The Bank of Israel will probably implement one more rate cut in the coming months, bringing the benchmark to zero, as it struggles to weaken the shekel, Goldman Sachs Group Inc. said.
“Given the soft inflation outlook and the stagnation in Israel’s exports, it is clearly conceivable that we will see more policy action from the central bank in the coming months,” analyst Kasper Lund-Jensen said in an e-mailed report.
The central bank has reduced its benchmark rate 13 times since 2011 to weaken the shekel and shore up exports, which account for about a third of Israel’s economy.
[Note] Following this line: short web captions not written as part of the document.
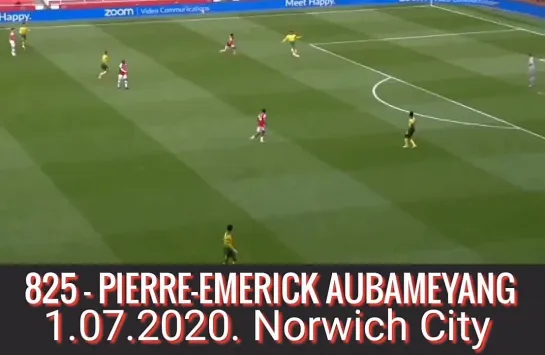 825 - ПЬЕР-ЭМЕРИК ОБАМЕЯНГ,
1.07.2020. «Норвич Сити»./
825 - PIERRE-EMERICK AUBAMEYANG,
1.07.2020. Norwich City.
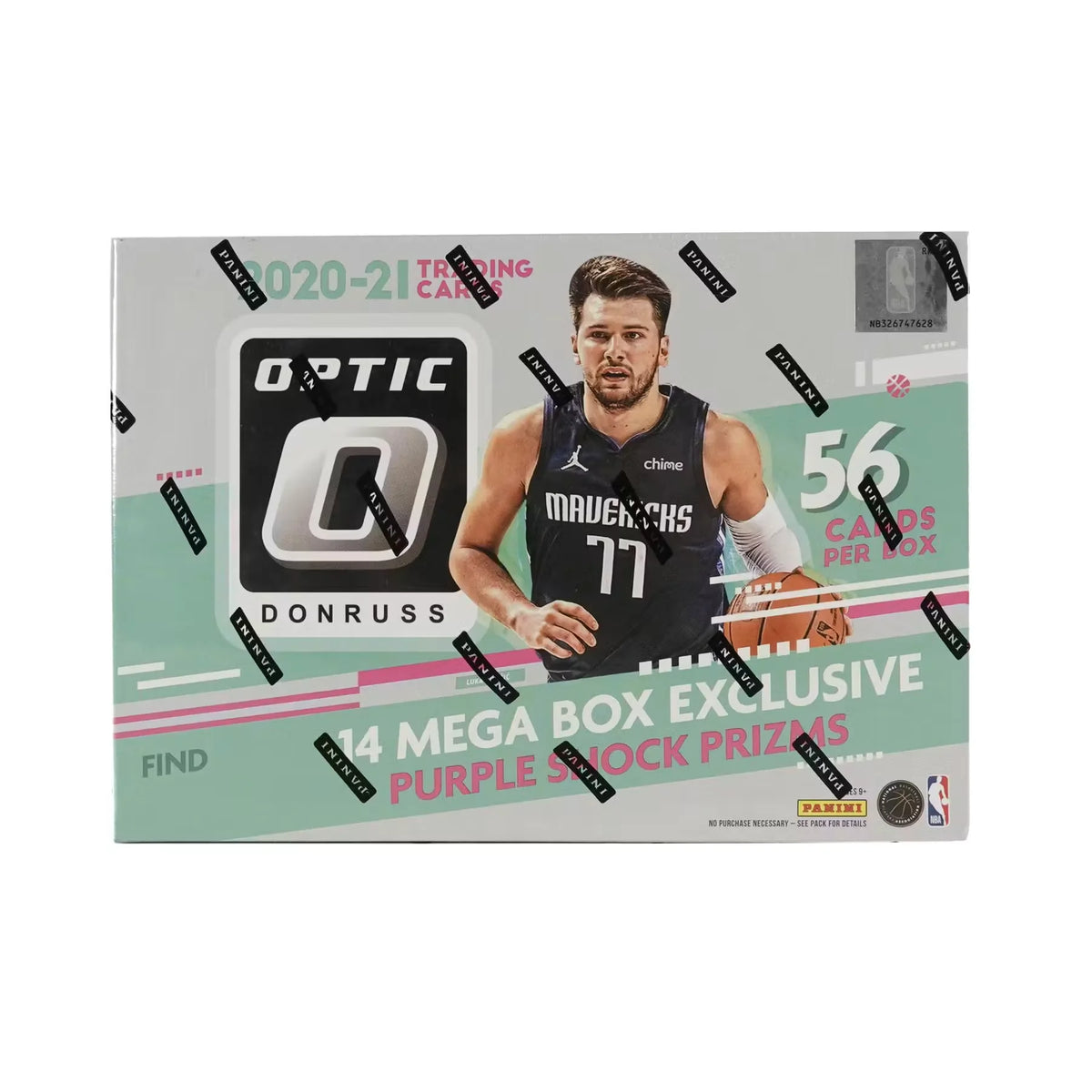 2020-21 Panini Donruss Optic Basketball Mega 56-Card Box | Purple Shock | P6054427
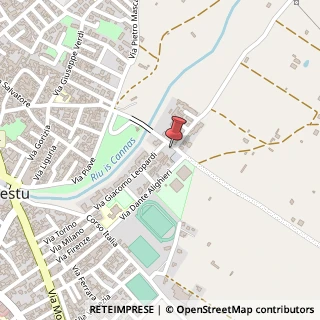 Mappa Via Dante Alighieri, angolo via Manzoni, 9, 09028 Sestu, Cagliari (Sardegna)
Last year, the economy expanded 2.8 percent, its slowest annual pace in five years, and it’s forecast by the bank to grow 3.2 percent in 2015.
Goldman’s “base case scenario” doesn’t include a reduction to negative rates, since appreciation pressures in 2015 probably won’t be strong enough to make that necessary, the report said. One reason is the recent sharp outflow from domestic money market funds and the investment of some of this money abroad as rates, including fees, approach “negative territory,” creating depreciation pressures.
The shekel, which traded at 3.8832 shekels to the dollar at 10:55 a.m., will weaken to 4.10 shekels in three months, according to Goldman’s forecast.
Still, Lund-Jensen notes that the finance ministry instructed financial institutions to prepare for the introduction of negative rates, while Bank of Israel officials asked local banks if their systems are prepared to work with negative rates.
“This may open the door for the Bank of Israel to push rates into negative territory,” the report said.